§ **RECORDS SHOWN**
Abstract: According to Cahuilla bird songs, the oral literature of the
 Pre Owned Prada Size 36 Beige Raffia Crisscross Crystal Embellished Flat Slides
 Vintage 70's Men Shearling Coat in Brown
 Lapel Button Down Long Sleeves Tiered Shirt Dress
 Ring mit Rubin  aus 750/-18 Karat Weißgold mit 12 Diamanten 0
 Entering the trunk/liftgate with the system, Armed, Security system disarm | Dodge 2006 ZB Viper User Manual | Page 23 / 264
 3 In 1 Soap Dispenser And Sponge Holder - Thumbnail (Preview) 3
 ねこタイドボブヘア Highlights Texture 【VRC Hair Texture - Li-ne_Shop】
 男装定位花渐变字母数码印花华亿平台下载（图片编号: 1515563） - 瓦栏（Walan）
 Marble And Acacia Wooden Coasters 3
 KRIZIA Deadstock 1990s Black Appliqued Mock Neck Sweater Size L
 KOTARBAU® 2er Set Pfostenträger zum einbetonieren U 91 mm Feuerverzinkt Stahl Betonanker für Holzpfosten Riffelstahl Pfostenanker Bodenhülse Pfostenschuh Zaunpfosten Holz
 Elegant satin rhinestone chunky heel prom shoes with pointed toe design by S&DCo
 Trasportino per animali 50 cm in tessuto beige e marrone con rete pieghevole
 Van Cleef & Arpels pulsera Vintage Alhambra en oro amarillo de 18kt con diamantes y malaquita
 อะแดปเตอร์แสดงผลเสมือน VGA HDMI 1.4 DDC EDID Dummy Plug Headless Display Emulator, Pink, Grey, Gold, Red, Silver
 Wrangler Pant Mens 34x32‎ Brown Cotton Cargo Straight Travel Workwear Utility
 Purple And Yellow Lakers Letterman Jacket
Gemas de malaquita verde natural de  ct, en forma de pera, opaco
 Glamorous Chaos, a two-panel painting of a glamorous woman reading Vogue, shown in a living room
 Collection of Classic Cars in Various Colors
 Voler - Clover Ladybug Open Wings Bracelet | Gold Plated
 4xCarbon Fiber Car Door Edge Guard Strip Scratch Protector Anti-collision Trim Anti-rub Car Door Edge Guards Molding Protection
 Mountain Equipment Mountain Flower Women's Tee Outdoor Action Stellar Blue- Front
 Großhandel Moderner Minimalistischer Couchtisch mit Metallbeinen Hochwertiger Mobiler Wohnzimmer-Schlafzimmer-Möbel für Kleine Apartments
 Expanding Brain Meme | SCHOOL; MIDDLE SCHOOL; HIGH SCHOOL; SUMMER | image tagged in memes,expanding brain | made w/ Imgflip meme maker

§ **BRIEF**
The response must consist of the lines above, from the first one through the line containing "3 In 1 Soap", reproduced exactly.

§ **PROBLEM SOLUTION**
Abstract: According to Cahuilla bird songs, the oral literature of the
 Pre Owned Prada Size 36 Beige Raffia Crisscross Crystal Embellished Flat Slides
 Vintage 70's Men Shearling Coat in Brown
 Lapel Button Down Long Sleeves Tiered Shirt Dress
 Ring mit Rubin  aus 750/-18 Karat Weißgold mit 12 Diamanten 0
 Entering the trunk/liftgate with the system, Armed, Security system disarm | Dodge 2006 ZB Viper User Manual | Page 23 / 264
 3 In 1 Soap Dispenser And Sponge Holder - Thumbnail (Preview) 3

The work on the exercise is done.